Spotlight & The Big Short: Not a Review

The sub-heading for this would be ‘a double bill with a bigger picture of organised fuck-ups’.  It surprised me how well these two films blended together, both 2016 Oscar films, but very different in style.  I saw the meandering, engrossing ‘Spotlight’ on my birthday, and was took away by it, being crumbled in tears by the end.  And I saw the jumping hilarity of ‘The Big Short’ maybe a week later, but it didn’t quite grab me.  I have recently watched the pair back to back, having the same feeling for ‘Spotlight’ and a new admiration for ‘The Big Short’.  Yet, I don’t want to really write about their form, I want to think more about their content.


Since the closing credits of ‘Spotlight’ I have been repulsed by anything related to the Catholic church.  I mean I’ve not always been a big fan, and had sort of a believe what you want kind of attitude.  However this film shows the poison of it all and how deep ingrained the paedophilia is.  It shows how the psychological deficiency that comes with the religious organisation, a birth of evil that comes from the role of the priest, or the power of God.
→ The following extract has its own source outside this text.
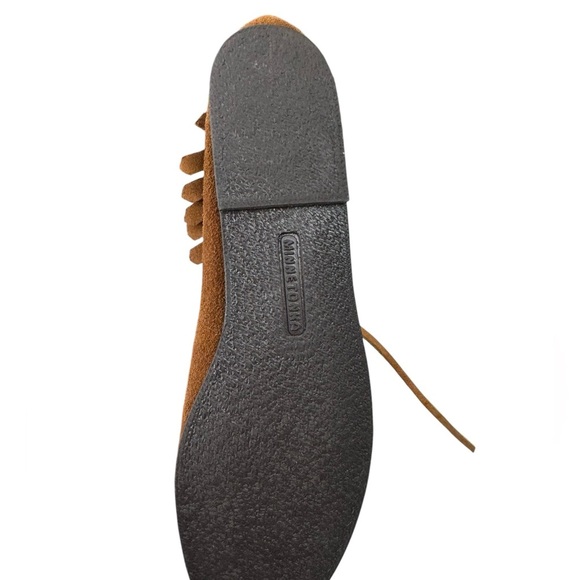 Minnetonka Classic Fringe Bootie 7 excellent condition - Picture 7 of 8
From this, I detest it all, the grandmother visiting church for peace of mind, the Sunday schools for disadvantaged children, the ‘happy’ community of religion.  All this good is marked by a cold glare of horrific behaviour.  And this is discounting the fraud and lies fed by the higher reaches of the religious organisation.  The negative ecclesiastical politics seeping through the positives of a Catholic harmony.  Spotlight is a wonderful film that has hopefully took a chunk out of a dark place.


It’s incredible how Brad Pitt can show up for a tiny percentage of a movie and have such an impact.  His lines in the casino towards the end of ‘The Big Short’ say it all: “If we’re right, people lose homes. People lose jobs.  People lose retirement savings, people lose pensions. You know what I hate about fucking banking?  It reduces people to numbers — ever 1% unemployment goes up, 40,000 people die, did you know that?”.  What more do I have to say about how torturous and ignorant the top 1% bankers and financial leaders have been. This film tells a really sad story through numbers, and it pains me to think of the arrogance of it all.  It’s a tale of a lack of control of the system by the majority, where the puppet strings are pulled by the greedy.  And probably the most infuriating thing is that it will continue to happen.  Films like this and ‘Margin Call’ are important, and need to be thought upon, not dismissed as pop culture.

Consequently you put these films together and they create a jigsaw that spell out ‘DON’T TRUST ANY FORM OF UNTOUCHABLE ORGANISATION’.  Hopefully films like these make them touchable and broken, so that a 100 years from now we can laugh at them.  I’d be voting against it.


“Truth is like poetry. And most people fucking hate poetry.”

– overheard at a Washington D.C. bar.